Scientific Name | Dendrobates azureus | ||||
---|---|---|---|---|---|
CLASS | Amphibia | ORDER | Anura | FAMILY | Dendrobatidae |
Statistics | |||||
LENGTH | 1.5 in |
Description: Very varied, often very bright red, pink, blue, green, gold, purple with darker markings; some with flash colors around groin.
Range/Habitat: Central and South America from Costa Rica to southern Brazil. Poison frogs are among the most successful of tropical frogs in many regards, yet most species have very small geographical ranges.

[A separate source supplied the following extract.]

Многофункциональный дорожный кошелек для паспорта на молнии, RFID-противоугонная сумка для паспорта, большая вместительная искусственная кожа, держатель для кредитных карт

Adaptations: Poison frogs have few predators, and for good reason. Instances are known where a snake has been seen to bite into a poison frog, only to immediately release it (spit it out, actually) and begin to rub the lip scales on the ground while writhing about in obvious pain. Occasionally the snake predator became comatose for several minutes or even hours if it bit into a particularly toxic species of poison frog, while the frog itself just hopped or walked away virtually unharmed except for a few shallow bite marks.
The presence of skin toxins has directed the lives of poison frogs. Because they lack predators they can be active during the daytime, allowing males to establish long-term territories from which they call to attract females.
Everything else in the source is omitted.